Luke tells us that Jesus “returned (hupestrepsen – G5290) from the Jordan” (Luke 4:1), and “returned (hupestrepsen – G5290) into Galilee” (Luke 4:14). This would agree with John’s account that two days after Jesus’ baptism, Jesus returned into Galilee (John 1:29, 35, 43) from the Jordan. Moreover, Jesus returned in the power of the Spirit into Galilee, which seems to point to his being continuously led by the Spirit in the wilderness. According to the Scriptures, no matter how we interpret the wilderness, Jesus was in Galilee when he was tempted; the Gospel of John leaves us with no other conclusion. Moreover, Luke’s “returned from the Jordan” begs the question: returned to where? It seems Luke’s placement of this phrase before the temptations begin puts Jesus in Galilee, where he grew up and had been living. I know of no other place Jesus could possibly have returned to after he was baptized by John in the Jordan.

If the above is accurate, then John mentions that “the third day there was a wedding in Cana of Galilee” (John 2:1), which contextually means this is the third day after Jesus’ baptism or three days after heaven opened, and the Spirit of God came down upon Jesus. The wedding in Cana seems to be placed in contrast with Jesus’ forty-day trial in the wilderness, but this perceived contradiction dissipates in the understanding that the wilderness into which Jesus was led was a wilderness of people (Ezekiel 35:20). That is, Jesus went into Galilee two days after his baptism in the Jordan (John 1:43; cf. Luke 4:14), and was tempted there. The Synoptics mainly point to the negative elements of the wilderness experience, but John speaks about what occurred to the disciples of Jesus. That is, he points to a union or a marriage with Jesus. Jesus, himself, compared what was taking place during the forty-day temptation event with a wedding (Luke 5:34-35).

Chapter two of John brings out some interesting symbols for the new man that Paul speaks about later in his epistles (Colossians 3:10; Ephesians 4:24). Although I am not trying to say a miracle never occurred or that there never was a literal wedding, I am convinced that there is great spiritual meaning behind the events that literally took place there.

John tells us of Jesus’ mother, but she isn’t called by her name, Mary (John 2:1). Rather, she is Jesus’ mother in the sense that Israel was Jesus’ mother (cf. Revelation 12:1, 5). She is the symbol of that human part of us that controls what we do, as Paul tells us (Romans 6:13, 19), and we see that it is the mother of Jesus who directed the servants (the members of the body) to do as Jesus said (John 2:5).

The mother here is that part of us who receives Jesus, but notice how Jesus speaks to her: “What have I to do with you; my hour is not yet come” (John 2:4)!
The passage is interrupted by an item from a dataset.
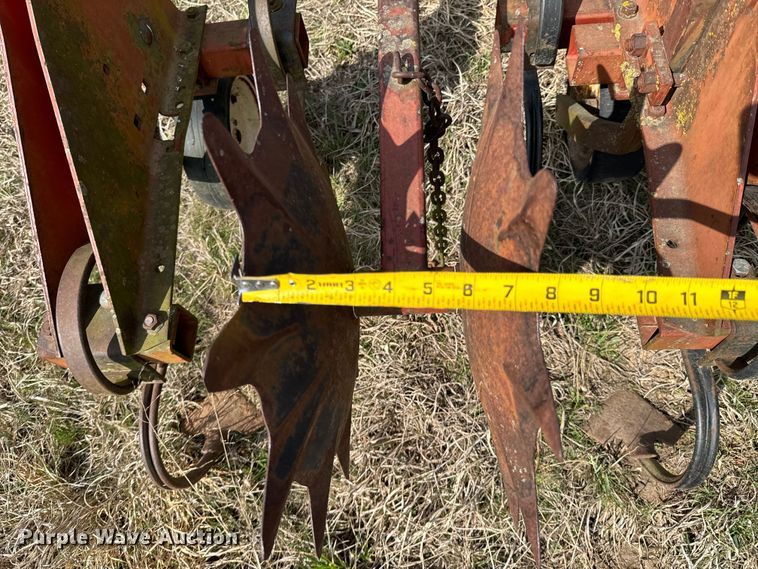 image for item OJ9679 International 183 row crop cultivator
That is, it is impossible to communicate spiritual truth to those who have no power to receive it. Paul tells us in 1Corinthians 2:11 that it is the spirit of man (the ruler of the feast in John 2:9-10) that knows the things of men, but eye has not seen nor ear heard the things God has prepared for them who love him (1Corinthians 2:9). Rather, it is the Spirit of God that understands those things that the spirit in man (the ruler of the feast in John 2:9-10) has no ability to know by himself (1Corinthians 2:10-11). Nevertheless, the Spirit was not yet given, so the mother of Jesus told the servants to obey Jesus. This unveils what goes on in the inner hearts of those who first begin to believe in Christ. That is, the inner will (mother in John) of “the sons of the bride-chamber” (Luke 5:34) tells the members of the body (cf. Romans 6:13) to obey Jesus. Later Jesus would reveal to the disciples that the Comforter (i.e. the Spirit and new ruler of the feast) would be in them even as Jesus was presently with them (John 14:16-17).

Luke’s forty-day period (Luke 4:1-2) is the second such period in Jesus’ life. The first occurred immediately after Jesus’ birth when it took his mother, Mary, forty days to be purified (Luke 2:22; Leviticus 12:1-4), but the mention of purification in John 2:1 points **not** to the purification of Jesus’ mother, Mary, but to his mother, Israel (Revelation 12:1, 5). Notice that she commands obedience to Jesus, who then commands for the water to be poured into six water jars of stone—the kind used for purification, thus, connecting John 2:6 with Luke 2:22, and John 2 is connected to the Synoptics through Jesus’ mother, the 40 days of temptation (Luke 4) v/s the 40 day purification period (Luke 2) and the stone water jars (John 2).

Furthermore, the three elements mentioned in John 2 represent three stages of truth – literal (stone, viz. the Law written on stone, Exodus 20), rational (water, viz. the washing of water by the word of God, Ephesians 5:26) and spiritual (wine, i.e. the Spirit which changes behavior – viz. not being drunk with wine but filled with the Spirit, Ephesians 5:18). For example, I am able to understand the commandment: “You shall not murder” to mean don’t spill innocent blood. The more difficult truth is: I should not destroy a person’s character (even with the truth), or I shouldn’t offend a person needlessly etc. The most difficult of all, and impossible without the Spirit of God, is to love that person (though an enemy) as expressed in love’s eight flavors found in Galatians 5:22-23.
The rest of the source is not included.